Trading strategy with an edge vs. psychology vs. money management
We are in violent agreement here. Other posts in the forum covers some of these ideas.

selling credit swaps (is that right?)
No, not right. Selling index options credit spreads. A well understood strategy taught by many. I have simply amped up the rule set to make it less risky by using tools recently available on at least one trading platform. Combining a PUT credit spread with a CALL credit on either side of the underlying is called an Iron Condor. It is normally known as a strategy for sideways markets and dangerous in trending markets. I have developed some technique that can make it potentially more profitable in a trending market, but requires more management than is typical when trading Iron Condors. Many Iron Condor strategies lost money on the October expiration options. I made more money than if the market had just traded sideways.

This strategy makes money if the market moves sideways, makes money when the market trends upward, makes money when the market trends downward. The most danger is when the markets move aggressively upward or downward. I have yet to experience this event, but I use contingency orders which are constructed to limit the loss to 20% to 25% of the capital at risk (margin).

I appreciate polite questioning. It gives me a chance to understand my approach on a much deeper level as I explain it.
 
And how does the Mayo Clinic's reputation compare with equivalent places in the UK? Must be why so many from the UK come to the Cleveland Clinic and the Mayo Clinic.;)

I hope you don't conduct your trading life on such sparse anecdotal evidence.

That's a fair point. I was intrigued by a clinic named after an unhealthy substance, so googled it. I've been to Arizona, they've obviously got some world class medical facilities there, presumably in response to demand from the wealthy and, um, more mature population.
 
Trading experience?
Consultant to traders on and off for seven years.
Active trader, on and off for one year. Constantly for 8 months.

This kind of thing saddens me immensly.

It is small wonder that so few make it when people with such little experience decide they can make money by charging newbies for 'training'.

I do agree that it's not just method that makes someone profitable. I don't subscribe to either money management or psychology being the key. I think the key is experience combined with a feedback loop - or a journal.

You trade, you write down your observations, you make adjustments as necessary.

If your journal says 'impulse trade', 'impulse trade', 'revenge trade', 'boredom trade', then I am confident most people will overcome the issue fairly quickly. If you leave too much money on the table all the time, buy tops all the time, again - you will see the issues.

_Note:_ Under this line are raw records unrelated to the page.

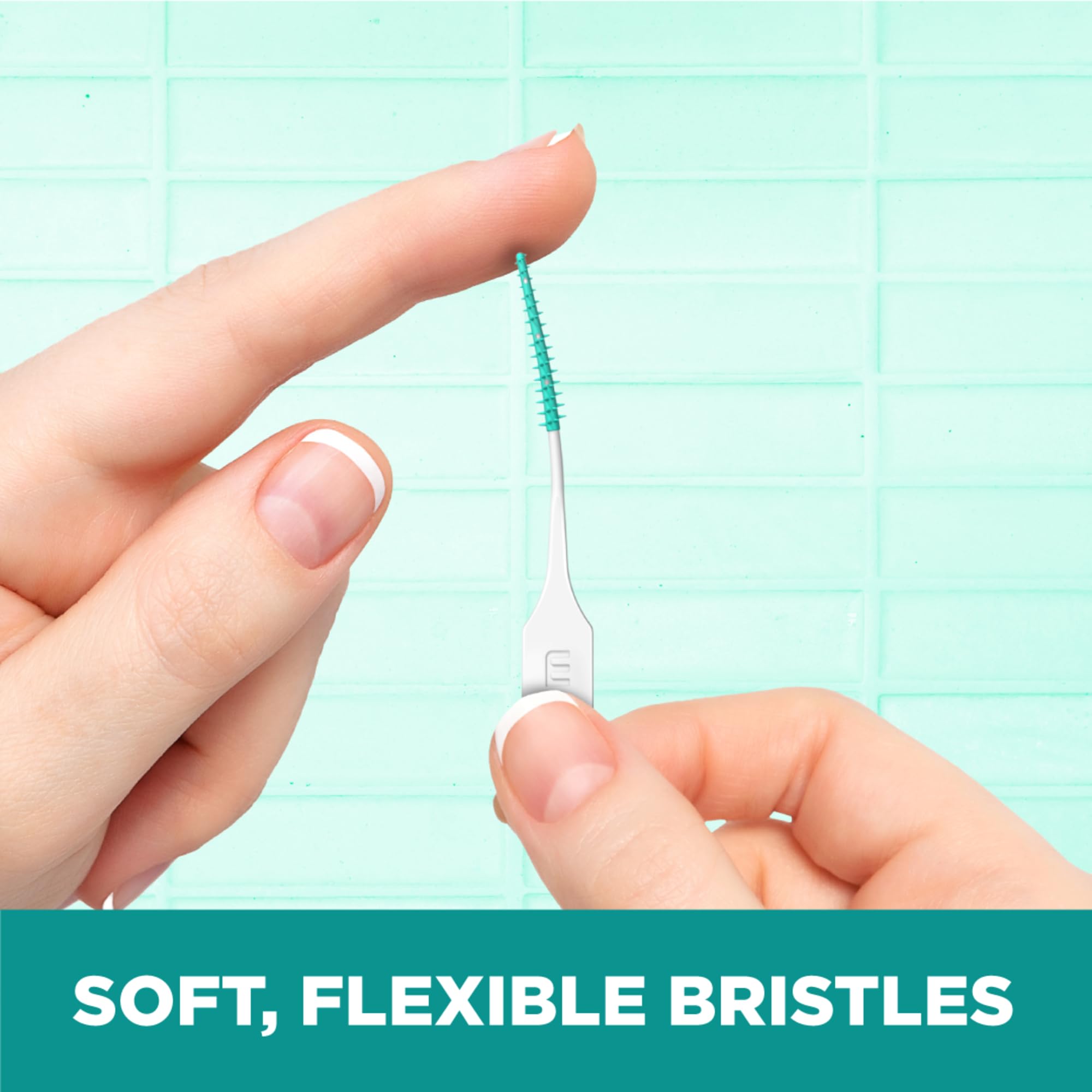 GUM Soft-Picks Original Interdental Picks for Gum Health

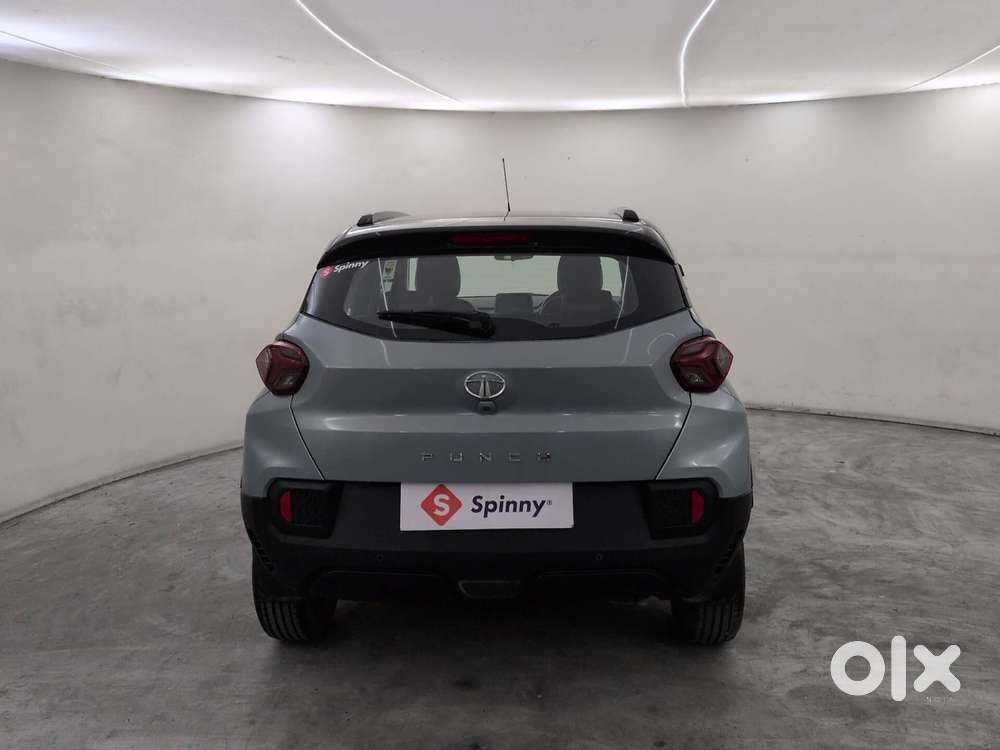Tata Punch 1.2 Revotron Creative Dual Tone, 2023, Petrol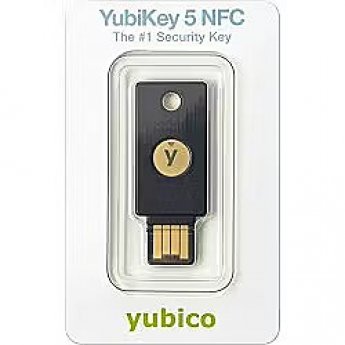 Yubico YubiKey 5 NFC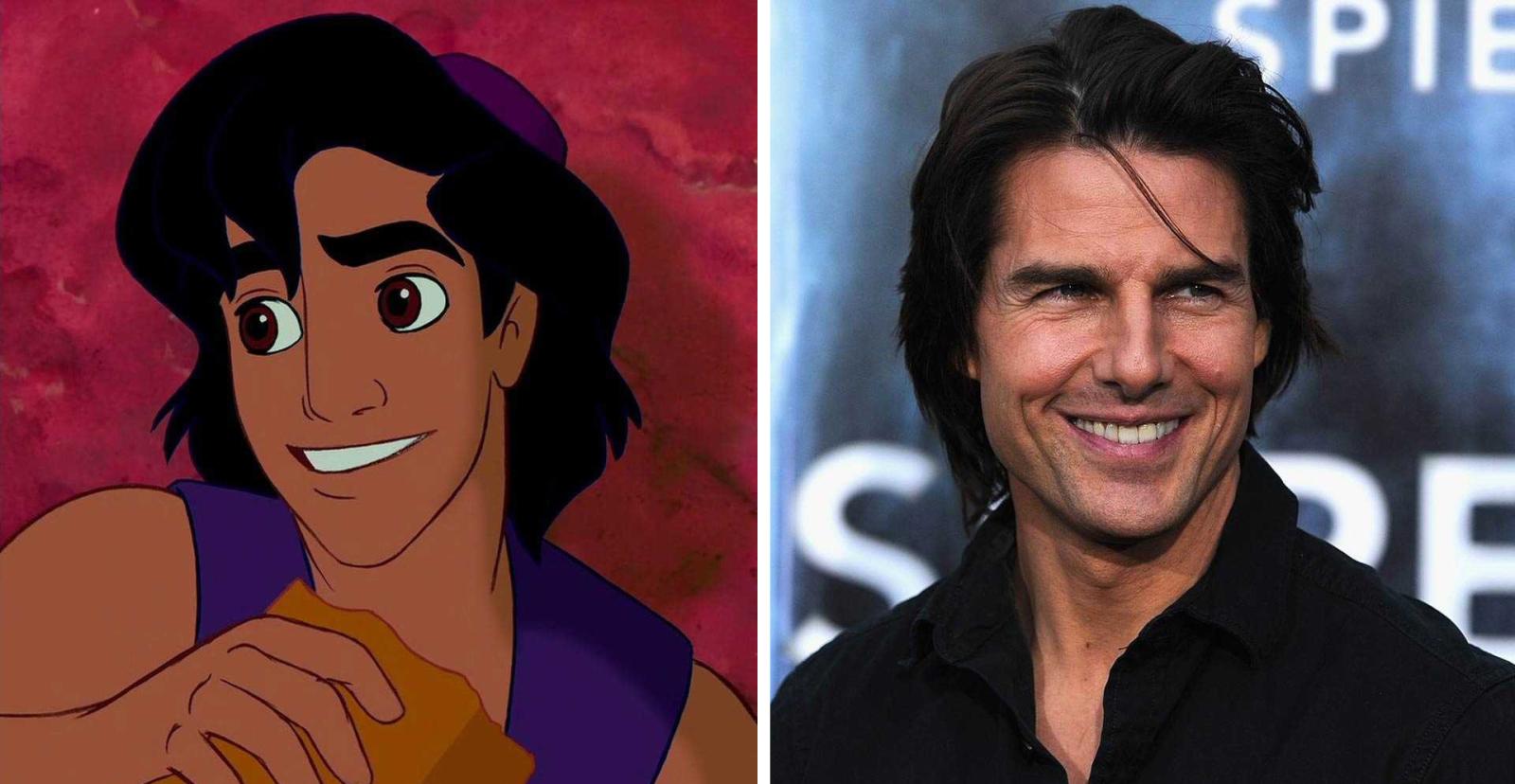 9 Cartoon Characters Based On Celebrities: Their Resemblance is Uncanny - image 4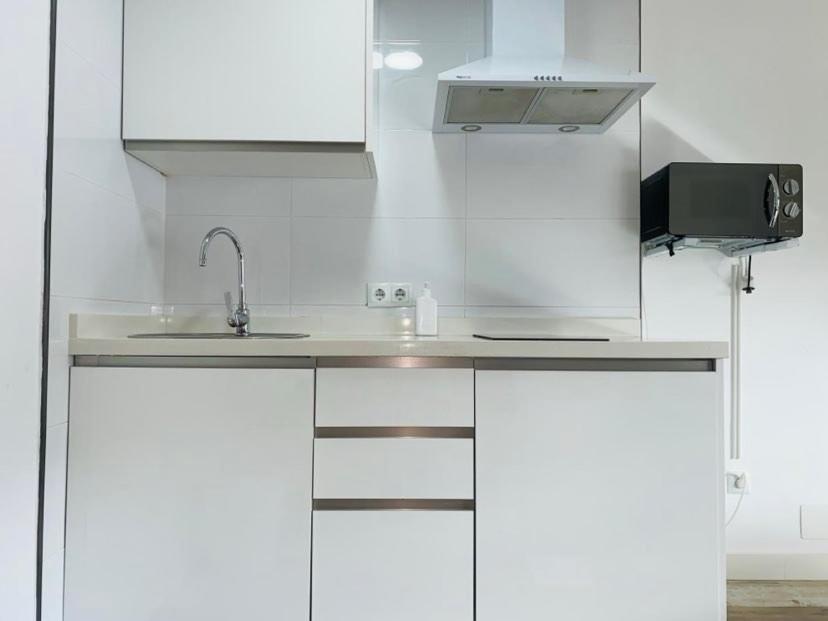 סביליה Lovely Triana Flat With Roof Terrace מראה חיצוני תמונה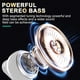 thumbnail image 2 of Auriculares Inalámbricos 007 Anc Bluetooth 5 4 Ipx5, 2 of 8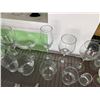 Image 6 : Multiple Libby Glassware: Wine Goblets, Champagne Glasses, Tea Glasses, Snifters, etc Misc Sizes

The problem though - what if you have no idea what to trade or how people trade profitably ? How do you develop a method to journal ? Would there be any point in journaling a day trading system based on MACD and Astrology ? My gut feel is that even with a feedback loop in place, you'd fall on your face because you are basing your development on faulty methods - building a house on sand.

Therein lies the problem - 99% of trainers have no idea what they are doing. I paid 3 people for education and it became obvious that one of them couldn't trade. The one that couldn't trade was full of math BS and had an ego the size of a house. Initially I thought "oddball genius" but it turned out he was "egotistical psycopath'. The other 2 were laid back 'take it or leave it' guys.

So now we have another math genius software engineer who has developed some mathematical edge and super secret trading methods he'll teach to newbies whilst he's barely out of his trading diapers himself.

Scam, rip-off, misguided - call it what you will. Just another day in the wonderful world of trading.